Robert Taylor, Head of Global Asset Management Regulatory Strategy at the Financial Conduct Authority (FCA) also referred to the FCA’s ongoing roll out of a Senior Manager and Certification Regime (SMCR) in the UK. The goal of SMCR is to increase personal accountability for senior staff within financial services firms. This theme is evident in Ireland’s CP86 regulation, an ongoing process aimed at strengthening corporate governance and oversight standards within Irish fund service providers and regulated funds. The CBI also recently conducted culture reviews at retail banks and we expect those lessons learned to soon find their way to the asset management sector. The US is following suit through the SEC’s proposed Regulation Best Interest.
2. “The B Word”
Throughout the conference, one theme was inescapable. So much so that in many instances people said, “the B word” rather than utter its true name. Of course, the issue is Brexit.
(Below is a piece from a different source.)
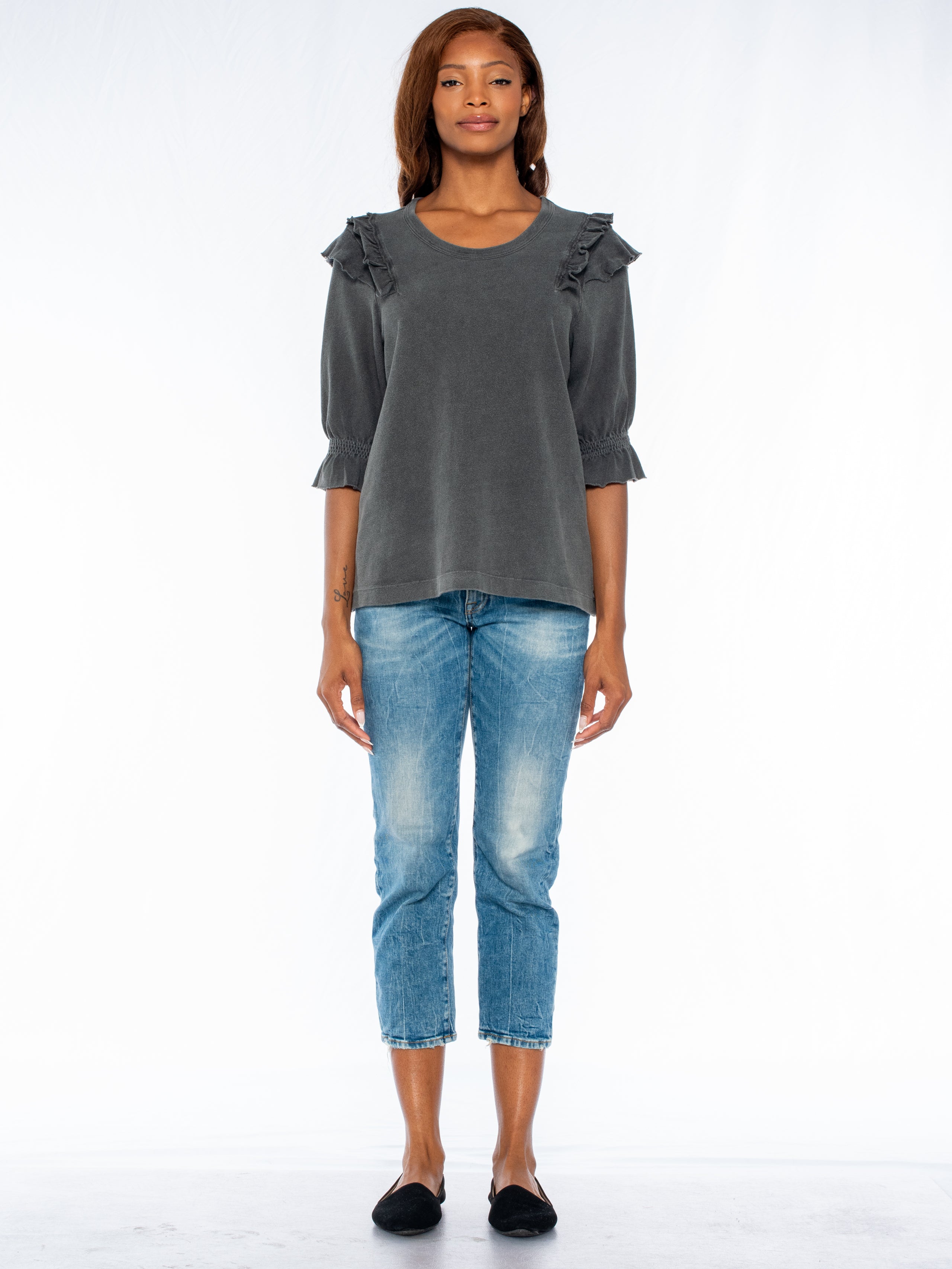 black top#color_pigment black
There was a palatable level of fatigue from some contributors on the matter. Brexit has been and will continue to be a long road for the industry to travel, but asset managers cannot afford to become complacent. Managers shouldn’t interpret the EU’s tenet that “nothing is agreed, until everything is agreed” as an invitation to procrastinate. Institutional investors dislike uncertainty and expect their firms to act now. Gerry Cross, director of policy and risk at the CBI, says they are seeing “very significant” levels of activity from fund firms seeking authorizations as a direct result of Brexit. A similar story of movement of funds and human capital is also playing out in Luxembourg.
3. ETFs in the Spotlight
Ireland is the second largest ETF domicile in the world so any discussion on ETFs tends to perk up ears within the industry. To put into context, the value of assets in ETFs broke through the $5 trillion mark in February 2018. Given their exponential growth, IOSCO is currently conducting a global assessment of ETFs. They feel it’s important to assess whether there are any ETF-specific risks in terms of liquidity, pricing, market manipulation, or risk of authorised participants stepping away from obligations in stressed markets. The asset management industry should see this as an open invitation and opportunity to proactively work with policymakers to shape the future regulatory framework for ETFs.
4. Investor Value
Another key topic of discussion was the FCA’s 2017 asset management study and the study’s weight of empirical evidence on lack of investor value (net returns after fees). The study suggests that too many funds charge too much for underperformance. The issue of investor value is a prevalent theme across the global asset management sector. Investor and distributor preferences are shifting towards lower-cost passive products, such as ETFs, due to the general sentiment around actively managed funds currently.
However, to paraphrase Irish writer Oscar Wilde, a cynic is “a man who knows the price of everything but the value of nothing.” If one applies this to the current asset management debate on cost, a cynic would suggest that all active funds are overpriced or underperforming. In reality, it’s a case of investors looking in the right place for value. There remains a large number of active asset managers with reputable brands, providing good risk adjusted performance at the right price, as well as a positive client experience throughout the life of the investment. So, investors and distributors also have a role to play to ensure they find value for money. Many asset managers welcome this heightened focus on fees, value, and accountability as it affords them an opportunity to better demonstrate their value proposition.
5. Period of Recalibration
There were numerous references from speakers to current and future reviews of existing regulations including UCITS, AIFMD, ETF rules, and PRIIPs to make them more fit for purpose. We have suggested before that we’re in a period of regulatory recalibration rather than a wave of new regulations. A decade on from the global financial crisis, additional “mega regulations” are not warranted however the continued process of tweaks and fine tuning will continue for the foreseeable future. As such, it’s important for asset managers to continually assess regulatory change to ensure timely compliance and if possible, take business advantage.